He’s now in the South Tyrol Museum of Archaeology in Bolzano, just over the Italian border (the glacier straddled the frontier). But the discovery site, the Ötzi villages, and the landscape that preserved him are all accessible from the Austrian Ötztal Valley.

Do this: The South Tyrol Museum in Bolzano (2 hours from Innsbruck) is extraordinary. Or hike to the discovery site — it’s marked with a monument at 3,210m, accessible from the Similaun hut. Serious hiking territory, but genuinely moving.

The Catacombs of St Stephen’s

Beneath Vienna’s main cathedral lie two things: 16 copper urns containing the intestines of various Habsburgs (remember — bodies divided three ways), and catacombs stuffed with approximately 11,000 plague victims. The bones are stacked floor to ceiling in chambers that were used as mass graves during Vienna’s various epidemics.

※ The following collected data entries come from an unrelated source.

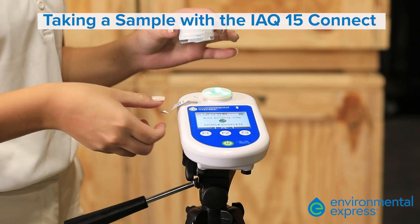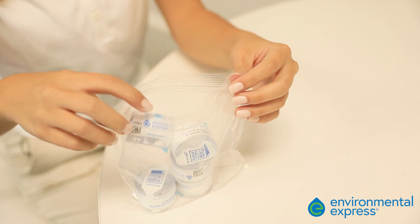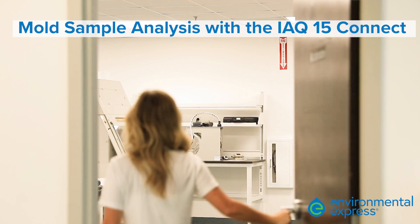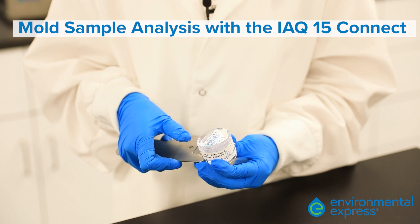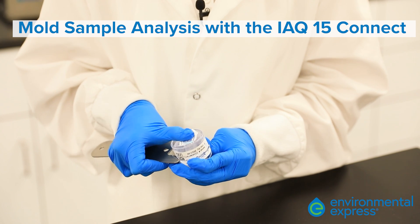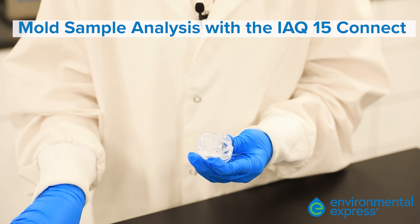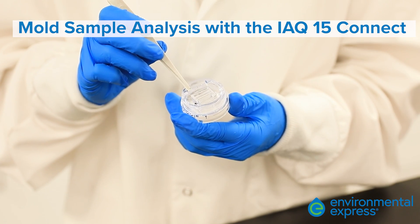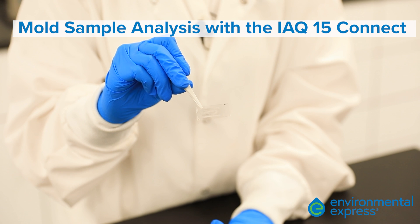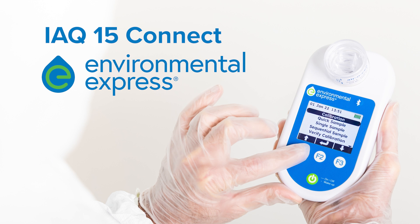Remove the cassette and reattach sticker tabs to both the top and bottom of the cassette. Place the aerosol sample into a sealed bag to protect the integrity of the collected sample. The sample with a chain of custody form is ready to be sent to a lab for testing. In the lab, the aerosol will be tested. During analysis, the slide will be removed from the cassette. Careful handling is required to avoid cross-contamination from external sources. Analysts will then evaluate the sample slide using microscopy.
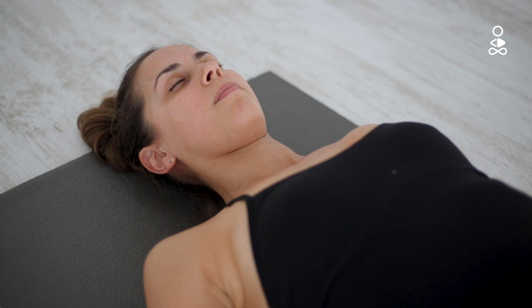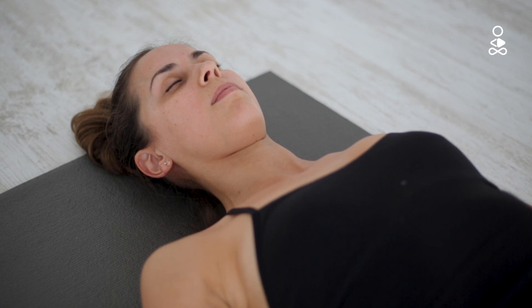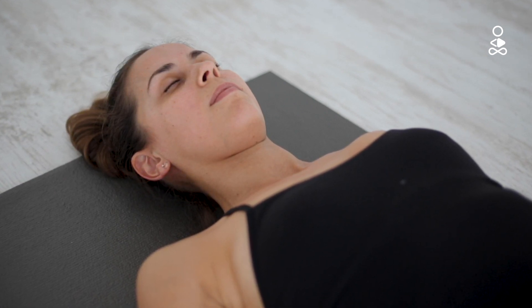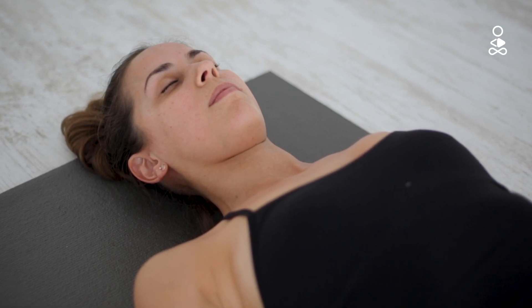Relax the muscles in your forehead. Drop the back of the head down completely into the ground. And finally bring the attention to the crown of your head while keeping an expressionless face.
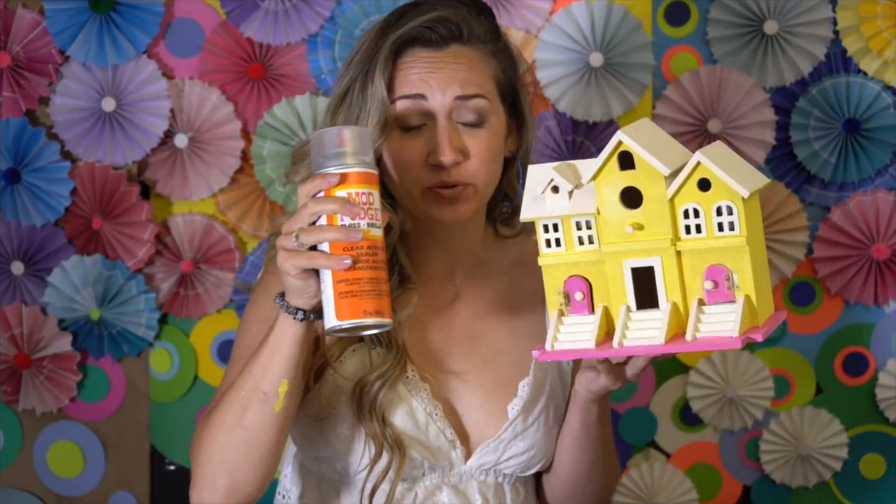I'm finished painting my birdhouse. Now I'm going to take some Mod Podge spray — if you have the kind that you use with a brush, that works too. I love this one because you spray it on really quick and it also dries really quick. First, I'm going to shake this for one minute. Now I'm going to give it a nice coating.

The tour guides are delightfully matter-of-fact about the whole thing. ‘And here we have about 8,000 bodies. Notice how the bones have arranged themselves over time.’ Vienna’s relationship with death is so normalised that the macabre becomes mundane — and somehow that makes it more affecting.

Find it: St Stephen’s Cathedral, Vienna. Catacombs tours run every 15-30 minutes. €6. Not recommended if you’re claustrophobic.